Recent laws have made it easier for companies to automatically enroll their employees in the company 401(k) plan. According to a 2013 study, 56% of American companies now offer some kind of auto-enrollment program, up from 19% in 2005. This has resulted in more people participating in 401(k) plans, which is a good thing.
But don’t think that just because your 401(k) is automatic, you can sit back and relax.
- The contribution levels pre-set by your plan do not guarantee you a secure retirement. They are just a start. You are the one who needs to manage your own retirement planning.
- Make sure you know the exact terms of your automatic 401(k) – how much of each paycheck is being contributed, and to which funds. You have the right to override these pre-set decisions and make changes to fit YOUR life situation.

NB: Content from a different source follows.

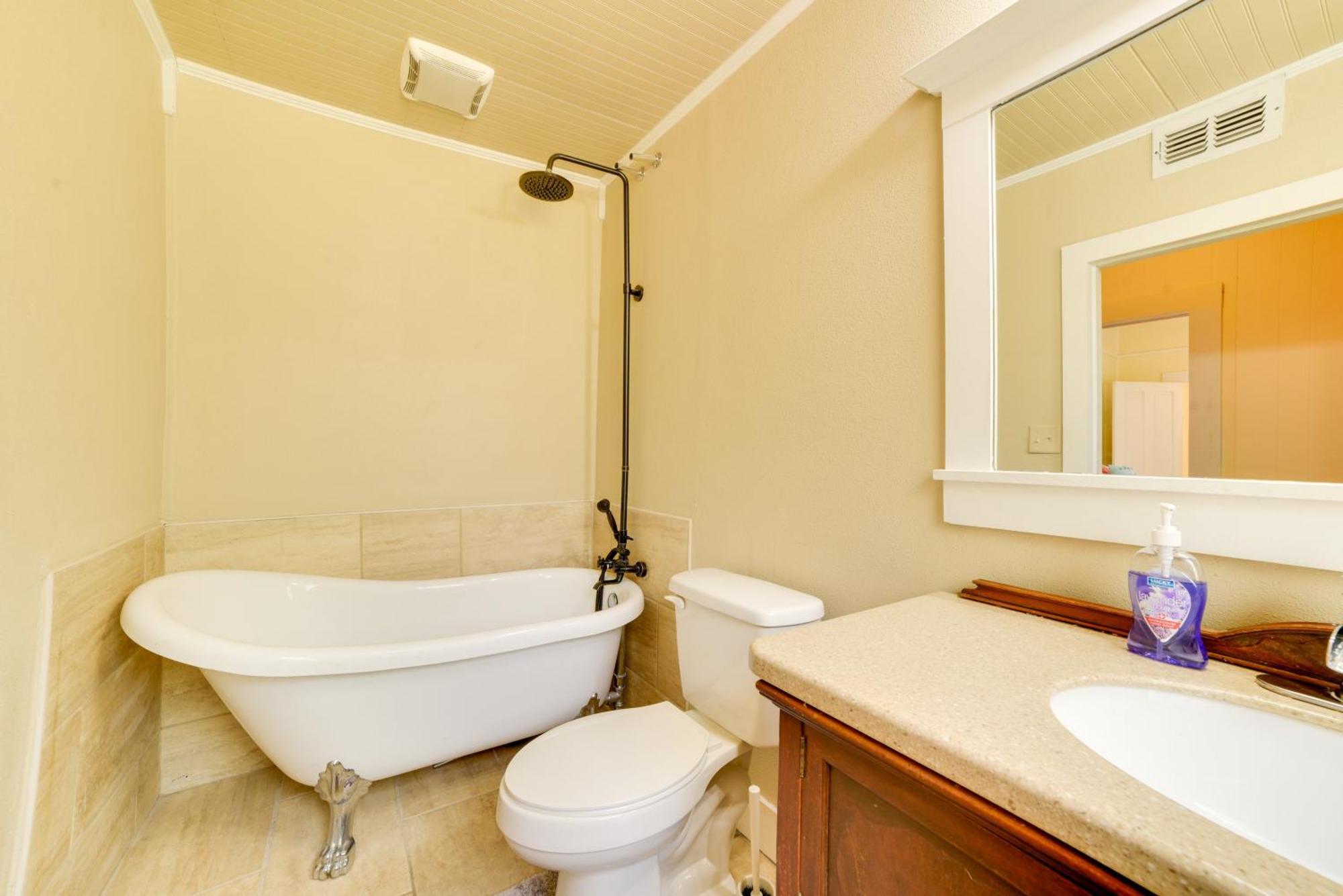 Cozy Thomasville Cottage - Walk To Downtown! Εξωτερικό φωτογραφία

How auto-enrollment works. With auto-enrollment, you will automatically be enrolled in the company 401(k) plan when you become an employee. You have the right to opt out of the plan. Your contribution level (also called the “deferral rate”) will be pre-set by the plan, usually 3% of each paycheck, and it may automatically increase each year. This rate may not be enough to get the employer match, and, for most people, it will not be enough to grow a substantial nest egg for retirement. To reach your long-term retirement goal, you will most likely need to increase your monthly contributions.
With an automatic plan, the mutual funds you invest in will also be predetermined for you. Often a plan will lean toward safer investments such as money market funds, which don’t offer big growth. You can change your investment choices within the plan to better suit your retirement goals.